Tanner, Edmund
TANNER, EDMUND
Bishop of Cork and Cloyne, Ireland; b. c. 1526; d. Ossory, Ireland, June 4, 1579. It seems he was already a priest when at 39 he entered the Society of Jesus. He studied for a year in Rome, and in 1567 was sent with Father Rochfort to the University of Dillingen, where he took his D.D. Because of great illness he was forced to leave the Society. On Nov. 5, 1574, he was appointed bishop of Cork and Cloyne, and made commissary apostolic as well. This latter function gave him wide faculties in the Dioceses of Cashel and Dublin and in Dublin's suffragan sees in the absence of their own ordinaries. He set out from Rome in May 1575 to face a situation of extreme difficulty and danger; government correspondence is full of the reports of spies set to watch the priests.

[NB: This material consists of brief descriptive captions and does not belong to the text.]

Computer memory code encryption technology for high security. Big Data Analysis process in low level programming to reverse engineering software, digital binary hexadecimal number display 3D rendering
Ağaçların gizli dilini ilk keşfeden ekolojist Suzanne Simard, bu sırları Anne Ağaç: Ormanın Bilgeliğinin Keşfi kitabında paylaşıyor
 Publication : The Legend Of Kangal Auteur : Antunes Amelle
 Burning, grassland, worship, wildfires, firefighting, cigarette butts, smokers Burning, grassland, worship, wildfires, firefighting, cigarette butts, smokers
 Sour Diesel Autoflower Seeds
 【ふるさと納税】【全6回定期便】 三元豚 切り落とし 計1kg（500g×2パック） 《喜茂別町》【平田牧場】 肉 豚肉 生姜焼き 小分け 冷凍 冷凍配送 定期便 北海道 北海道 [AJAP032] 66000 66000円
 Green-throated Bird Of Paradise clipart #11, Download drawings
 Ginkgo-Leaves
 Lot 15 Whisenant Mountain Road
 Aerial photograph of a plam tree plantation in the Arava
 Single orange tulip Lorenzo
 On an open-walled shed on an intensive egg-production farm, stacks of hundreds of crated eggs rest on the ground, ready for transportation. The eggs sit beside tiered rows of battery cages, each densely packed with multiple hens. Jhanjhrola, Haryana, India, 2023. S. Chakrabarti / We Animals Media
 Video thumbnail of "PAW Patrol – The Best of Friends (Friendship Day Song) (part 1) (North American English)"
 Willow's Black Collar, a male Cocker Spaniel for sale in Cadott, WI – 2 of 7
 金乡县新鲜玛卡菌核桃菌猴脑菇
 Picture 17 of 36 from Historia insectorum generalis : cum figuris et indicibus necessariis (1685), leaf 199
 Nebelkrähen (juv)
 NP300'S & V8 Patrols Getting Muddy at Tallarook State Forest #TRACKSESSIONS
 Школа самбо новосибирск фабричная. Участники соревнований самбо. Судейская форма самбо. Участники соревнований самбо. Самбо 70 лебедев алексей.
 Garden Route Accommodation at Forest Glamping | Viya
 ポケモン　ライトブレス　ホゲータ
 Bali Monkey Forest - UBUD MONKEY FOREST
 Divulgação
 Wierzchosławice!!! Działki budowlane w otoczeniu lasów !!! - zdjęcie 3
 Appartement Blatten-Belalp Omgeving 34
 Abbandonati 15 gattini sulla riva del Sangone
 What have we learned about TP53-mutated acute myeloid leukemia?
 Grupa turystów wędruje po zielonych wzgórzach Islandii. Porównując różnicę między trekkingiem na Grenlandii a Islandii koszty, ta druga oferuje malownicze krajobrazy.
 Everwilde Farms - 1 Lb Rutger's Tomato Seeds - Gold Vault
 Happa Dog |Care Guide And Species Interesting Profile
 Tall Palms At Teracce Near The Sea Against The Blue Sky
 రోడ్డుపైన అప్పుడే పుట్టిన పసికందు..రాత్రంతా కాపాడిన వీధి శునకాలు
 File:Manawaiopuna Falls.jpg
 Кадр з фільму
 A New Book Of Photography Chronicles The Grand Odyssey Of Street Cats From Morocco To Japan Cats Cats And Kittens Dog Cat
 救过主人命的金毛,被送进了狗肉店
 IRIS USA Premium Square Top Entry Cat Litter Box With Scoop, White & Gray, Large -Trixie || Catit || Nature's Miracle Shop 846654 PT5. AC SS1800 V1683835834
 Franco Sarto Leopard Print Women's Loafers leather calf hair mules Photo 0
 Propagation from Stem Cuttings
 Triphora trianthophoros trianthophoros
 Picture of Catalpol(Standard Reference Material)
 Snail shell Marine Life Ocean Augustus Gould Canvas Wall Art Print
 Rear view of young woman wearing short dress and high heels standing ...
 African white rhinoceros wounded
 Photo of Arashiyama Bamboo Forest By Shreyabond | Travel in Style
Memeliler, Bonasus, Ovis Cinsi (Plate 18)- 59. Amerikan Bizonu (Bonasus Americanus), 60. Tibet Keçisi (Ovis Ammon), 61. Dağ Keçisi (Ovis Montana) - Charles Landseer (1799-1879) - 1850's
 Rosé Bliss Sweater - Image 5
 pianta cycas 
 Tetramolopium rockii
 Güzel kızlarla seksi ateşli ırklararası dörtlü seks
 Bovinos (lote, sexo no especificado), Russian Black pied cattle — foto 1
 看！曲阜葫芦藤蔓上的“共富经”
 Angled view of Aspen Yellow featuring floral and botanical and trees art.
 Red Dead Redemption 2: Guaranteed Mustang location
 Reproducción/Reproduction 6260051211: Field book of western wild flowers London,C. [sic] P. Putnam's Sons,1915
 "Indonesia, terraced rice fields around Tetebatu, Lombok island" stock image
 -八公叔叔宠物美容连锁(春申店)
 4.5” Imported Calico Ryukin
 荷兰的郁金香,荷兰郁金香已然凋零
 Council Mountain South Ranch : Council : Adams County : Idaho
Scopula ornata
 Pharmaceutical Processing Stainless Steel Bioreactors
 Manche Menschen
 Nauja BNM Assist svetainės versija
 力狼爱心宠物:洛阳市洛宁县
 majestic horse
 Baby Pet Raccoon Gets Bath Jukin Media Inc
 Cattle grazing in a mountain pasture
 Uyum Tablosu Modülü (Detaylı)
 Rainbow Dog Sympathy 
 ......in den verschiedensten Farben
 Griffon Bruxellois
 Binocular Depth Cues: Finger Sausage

Tanner and his chaplain were arrested by Sir William Drury, President of Munster, and lodged in Clonmel jail, where Tanner was visited by a schismatic bishop, probably Patrick Walsh of Waterford and Lismore, whom Tanner reconciled to the Church. Released shortly afterward, "he suffered great penury and want as well in prison as out of it" and died exhausted by labor and ill-health.
Bibliography: e. hogan Distinguished Irishmen of the Sixteenth and Seventeenth Centuries (London 1894) 17–19, passim. w. p. burke, History of Clonmel (Waterford 1907) 36–37.